** The data follows **
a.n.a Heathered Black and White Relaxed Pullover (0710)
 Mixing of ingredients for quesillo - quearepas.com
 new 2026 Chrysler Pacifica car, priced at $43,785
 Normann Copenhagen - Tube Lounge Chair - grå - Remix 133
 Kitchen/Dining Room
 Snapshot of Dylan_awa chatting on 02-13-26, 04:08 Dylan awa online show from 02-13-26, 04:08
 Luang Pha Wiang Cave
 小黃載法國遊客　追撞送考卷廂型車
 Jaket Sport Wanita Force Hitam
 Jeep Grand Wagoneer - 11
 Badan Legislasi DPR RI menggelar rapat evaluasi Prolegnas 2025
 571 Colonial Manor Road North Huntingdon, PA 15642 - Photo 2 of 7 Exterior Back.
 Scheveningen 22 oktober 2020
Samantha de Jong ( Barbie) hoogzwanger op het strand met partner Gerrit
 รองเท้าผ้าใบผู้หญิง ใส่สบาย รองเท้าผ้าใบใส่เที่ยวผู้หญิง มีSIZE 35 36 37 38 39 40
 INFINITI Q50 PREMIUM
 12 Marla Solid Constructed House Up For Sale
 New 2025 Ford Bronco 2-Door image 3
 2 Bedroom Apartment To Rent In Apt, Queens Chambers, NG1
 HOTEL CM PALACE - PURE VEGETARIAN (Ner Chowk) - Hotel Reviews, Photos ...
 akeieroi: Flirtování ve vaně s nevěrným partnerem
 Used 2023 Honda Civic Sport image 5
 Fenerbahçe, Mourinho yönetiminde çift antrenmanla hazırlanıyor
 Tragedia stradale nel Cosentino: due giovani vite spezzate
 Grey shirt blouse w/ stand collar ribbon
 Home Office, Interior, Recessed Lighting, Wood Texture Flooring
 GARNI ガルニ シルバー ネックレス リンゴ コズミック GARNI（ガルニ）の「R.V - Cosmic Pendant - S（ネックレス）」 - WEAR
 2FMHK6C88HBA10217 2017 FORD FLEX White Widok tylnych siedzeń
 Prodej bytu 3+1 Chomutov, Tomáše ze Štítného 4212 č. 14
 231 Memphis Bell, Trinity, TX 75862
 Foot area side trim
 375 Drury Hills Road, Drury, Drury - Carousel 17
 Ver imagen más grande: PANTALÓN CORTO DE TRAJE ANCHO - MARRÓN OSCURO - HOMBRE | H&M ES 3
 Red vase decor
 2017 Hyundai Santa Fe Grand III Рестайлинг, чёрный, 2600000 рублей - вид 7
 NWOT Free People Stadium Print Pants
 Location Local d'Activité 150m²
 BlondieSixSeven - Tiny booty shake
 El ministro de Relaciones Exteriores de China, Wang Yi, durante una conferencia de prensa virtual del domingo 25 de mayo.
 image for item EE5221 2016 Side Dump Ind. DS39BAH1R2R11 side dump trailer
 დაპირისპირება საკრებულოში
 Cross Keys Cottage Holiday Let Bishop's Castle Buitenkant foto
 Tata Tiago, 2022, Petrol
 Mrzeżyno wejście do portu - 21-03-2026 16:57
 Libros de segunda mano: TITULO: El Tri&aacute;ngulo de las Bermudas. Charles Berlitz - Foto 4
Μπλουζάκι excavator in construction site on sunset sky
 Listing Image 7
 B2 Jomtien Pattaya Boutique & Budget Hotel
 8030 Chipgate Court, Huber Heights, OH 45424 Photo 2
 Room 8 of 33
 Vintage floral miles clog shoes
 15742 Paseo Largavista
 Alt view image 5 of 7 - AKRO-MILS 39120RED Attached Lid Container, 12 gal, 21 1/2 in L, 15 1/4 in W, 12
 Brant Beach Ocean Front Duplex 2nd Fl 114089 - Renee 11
** End of The data **
- Problem to solve
Starting at the line with "დაპირისპირება საკრებულოში", restate each line through the end of the records, both ends included, and stop there.

- Result of this exercise
 დაპირისპირება საკრებულოში
 Cross Keys Cottage Holiday Let Bishop's Castle Buitenkant foto
 Tata Tiago, 2022, Petrol
 Mrzeżyno wejście do portu - 21-03-2026 16:57
 Libros de segunda mano: TITULO: El Tri&aacute;ngulo de las Bermudas. Charles Berlitz - Foto 4
Μπλουζάκι excavator in construction site on sunset sky
 Listing Image 7
 B2 Jomtien Pattaya Boutique & Budget Hotel
 8030 Chipgate Court, Huber Heights, OH 45424 Photo 2
 Room 8 of 33
 Vintage floral miles clog shoes
 15742 Paseo Largavista
 Alt view image 5 of 7 - AKRO-MILS 39120RED Attached Lid Container, 12 gal, 21 1/2 in L, 15 1/4 in W, 12
 Brant Beach Ocean Front Duplex 2nd Fl 114089 - Renee 11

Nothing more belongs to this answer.